Abstract
Even after the guns of Nazi mobile killing squads had fallen silent, after the gas chambers at Auschwitz
had been destroyed, and after the Nazi concentration camps had been liberated, the history of the
Holocaust continued. Survivors had to rebuild their lives, to find new homes, and to share their stories.
Liberators processed what they had witnessed as they returned to their home countries. Postwar courts
convened to try far too few Nazi figures, and some European societies ostracized alleged collaborators.
Eventually memorials and museums were built around the world, and teachers struggled with how to
glean pedagogical meaning from the Holocaust. People everywhere had to make sense of what Nazi
persecution and genocide meant in the aftermath of Auschwitz. We still have to grapple with what the
Holocaust means to us and our society today.

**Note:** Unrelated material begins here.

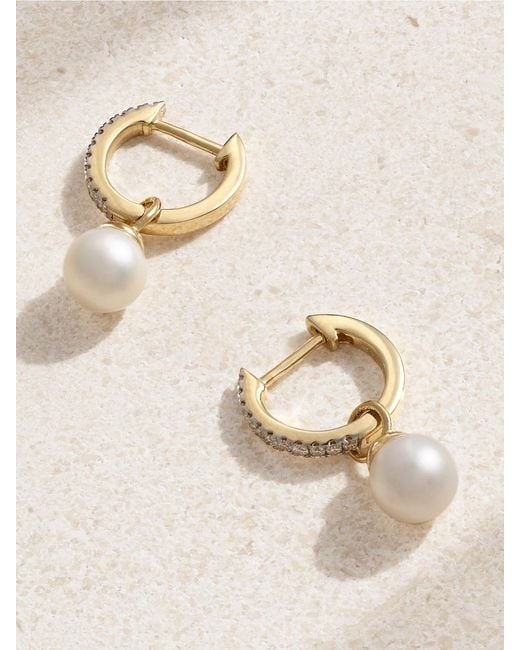 Mateo Natural 14-Karat, Diamond And Pearl Hoop Earrings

This upper-division course will explore the legacies of the Holocaust after May 1945. Officially, ENG 102;
CH 201 or CH 202 are prerequisites for this course, and because we will be reading and writing about
sources and their contexts. That said, even if you know very little about the Holocaust, HIST 436B could
serve as your only class on this history in college, but it builds on the history explored in other UNR
courses on the Holocaust and genocide. To bring everyone up to speed, the first three weeks will present
a streamlined version of the history of the Holocaust through Christopher Browning’s excellent book
Remembering Survival: Inside a Nazi Slave-Labor Camp. After that we’ll hit the ground running by
exploring topics including the experiences of refugees, postwar justice, the psychology of the Holocaust
(particularly related to aging survivors and their children), literature and cinema, Holocaust museums and
memorials, global Holocaust memory, and pedagogy related to the Holocaust. This course is roughly
divided in thirds to consider the legacies of the Holocaust across Europe, in the United States, and in
Israel. Our course will culminate in your presentations related to the Holocaust and its legacies.